Budur percibía muchas novedades, pero no dijo nada, y estuvo el resto del día paseando por Kirkwall con Ganagweh, una muchacha muy animada, alta, rápida, segura de sí misma; una muchacha a quien las calles estrechas y los fornidos hombres de las Orcadas no le daban miedo. De hecho, al final de la línea del tranvía caminaron por una playa desierta junto a la gran bahía que una vez había sido una base naval con mucho movimiento; Ganagweh se detuvo frente a unas rocas y se desnudó y corrió gritando hasta meterse en el agua, unos segundos después salió de golpe y gritando otra vez en un frenesí de aguas espumosas, la brillante oscuridad de su piel relucía al sol mientras se escurría el agua con los dedos, salpicando deliberadamente a Budur y animándola a que se zambullera también.

—¡Es muy bueno! ¡No está muy fría; te despertará!

Sencillamente, era el tipo de cosas que Yasmina siempre había insistido en hacer, pero Budur había rechazado con timidez; le resultaba difícil mirar el hermoso animal, húmedo y vital, que estaba desnudo frente a ella bajo los rayos del sol. Cuando se acercó al agua para tocarla, se alegró de haberlo hecho; estaba muy fría. De pronto, sintió como si hubiera despertado, consciente del fresco viento salino y de los cabellos húmedos y negros de Ganagweh chorreando como si fuera un perro, salpicándola. Ganagweh se rió de ella y se vistió la piel mojada. En el camino de regreso, pasaron junto a un grupo de muchachos de piel pálida que las observaron con curiosidad.

—Regresemos y veamos qué tal están las señoras —dijo Ganagweh —. Es gracioso ver a esas abuelas coger el destino del mundo con sus propias manos, ¿verdad?
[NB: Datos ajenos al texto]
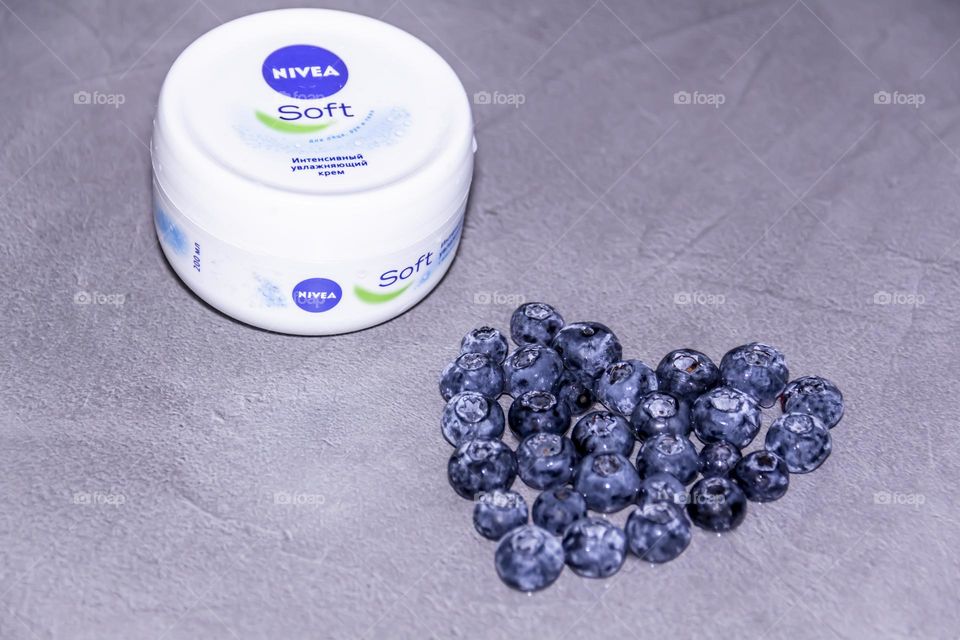 Cosmetic Nivea skin care product on a gray surface with a fresh, fragrant blueberry lined with a heart.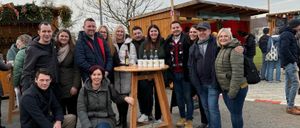 Eine Gruppe von Menschen versammelt sich um einen Tisch mit Flaschen für eine festliche Veranstaltung, lächelt und posiert für ein Foto.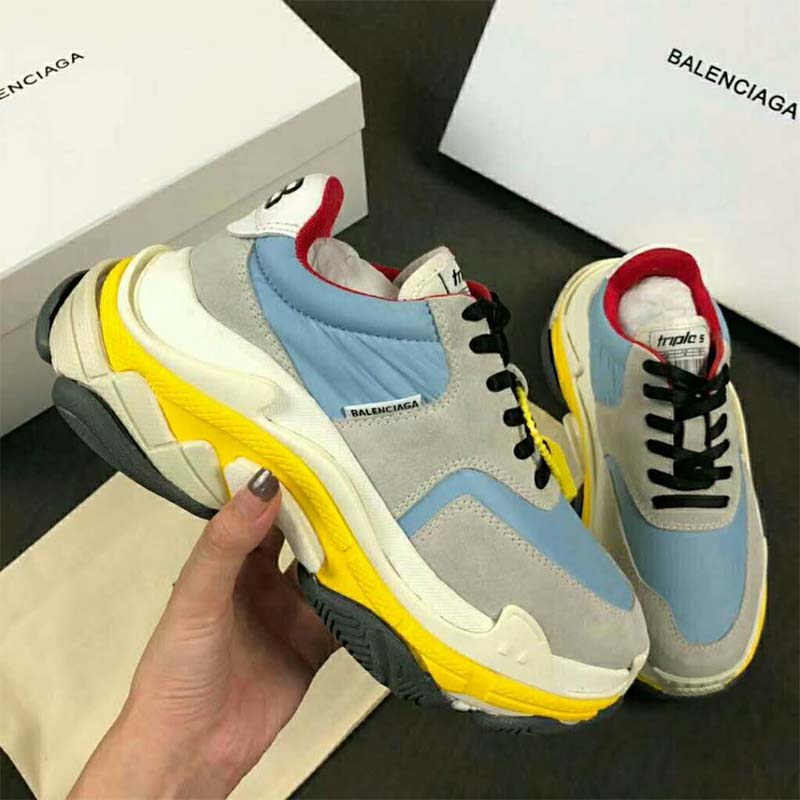 Top-down image showing laces and mesh-leather texture on Balenciaga Triple S sneakers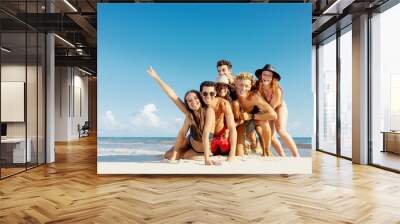 Happy group of young friends at the beach Wall mural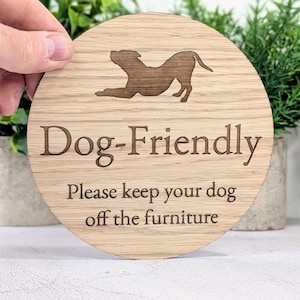 May include: A circular wooden sign with the words "Dog-Friendly" and "Please keep your dog off the furniture" engraved. A dog silhouette is above the text. The sign is held by a hand.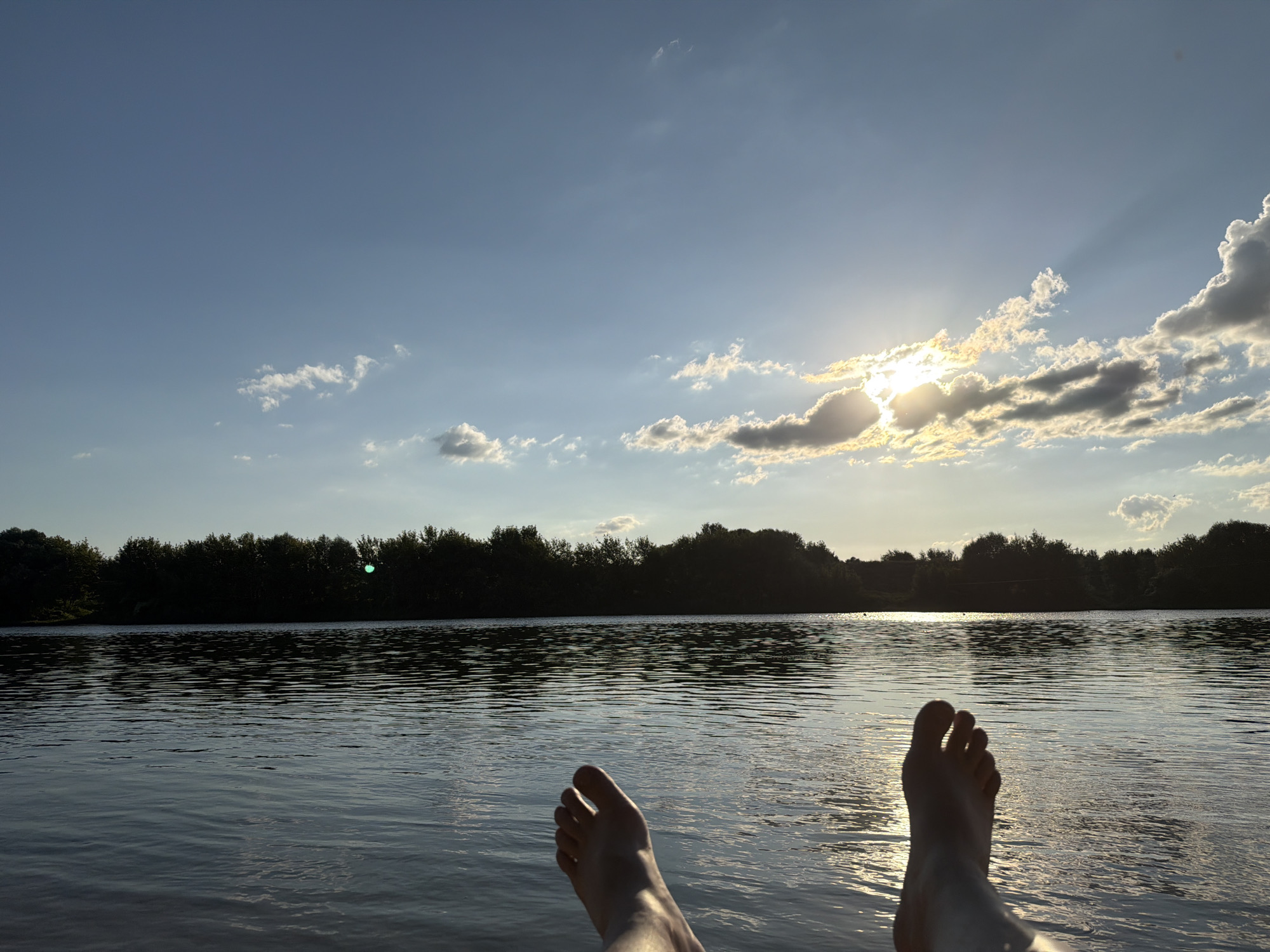 This image depicts a serene natural scene, likely at dusk, overlooking a body of water. The foreground features a pair of bare feet resting, suggesting a relaxed posture. The middle ground is dominated by the calm surface of a lake or river, reflecting the sky and surrounding trees. In the background, a dense line of dark green trees forms a silhouette against the horizon. The sky is a gradient of blue, with scattered white and gray clouds. The sun is setting, creating a bright, hazy glow behind a cluster of clouds, casting rays of light across the sky and water. A small, bright green circular light is visible near the center of the treeline on the horizon. The overall impression is one of tranquility and natural beauty. The location is identified as Скорняково, Russia.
—Sí —dijo Budur, preguntándose qué estaría sucediendo en el mundo.

11

En el viaje de regreso a Nsara, Budur le preguntó a Idelba acerca de aquella conversación, pero Idelba negó con la cabeza. No quería hablar del tema; estaba ocupada escribiendo en su cuaderno.

—Más tarde —dijo.

De regreso en Nsara, Budur trabajó y estudió. Siguiendo los consejos de Kirana leía sobre el sureste de Asia, y entendió cómo la cultura hindú, la budista y la islámica se habían mezclado allí para crear un nuevo y dinámico retoño, que había sobrevivido a la guerra y ahora estaba utilizando las grandes riquezas botánicas y minerales de Birmania y la península malaya, Sumatra, Java, Borneo y Mindanao para crear un grupo de pueblos unidos contra el poder centrípeto de China, liberándose de la influencia china. Se habían extendido hasta Aozhou, la gran isla continente que estaba más al sur, e incluso, a través del océano, hasta Inca, y en la otra dirección hasta Madagascar y el sur de África: era una especie de cultura mundial austral emergente, con las inmensas ciudades de Pyinkayaing, Jakarta y Kwinana en la costa occidental de Aozhou encabezando la lista, comerciando con Travancore, y construyendo frenéticamente, erigiendo ciudades con muchos rascacielos de acero de más de cien plantas. La guerra había dañado pero no había llegado a destruir estas ciudades, y ahora los gobiernos del mundo se reunían en Pyinkayaing siempre que intentaban elaborar una administración de posguerra más duradera y justa.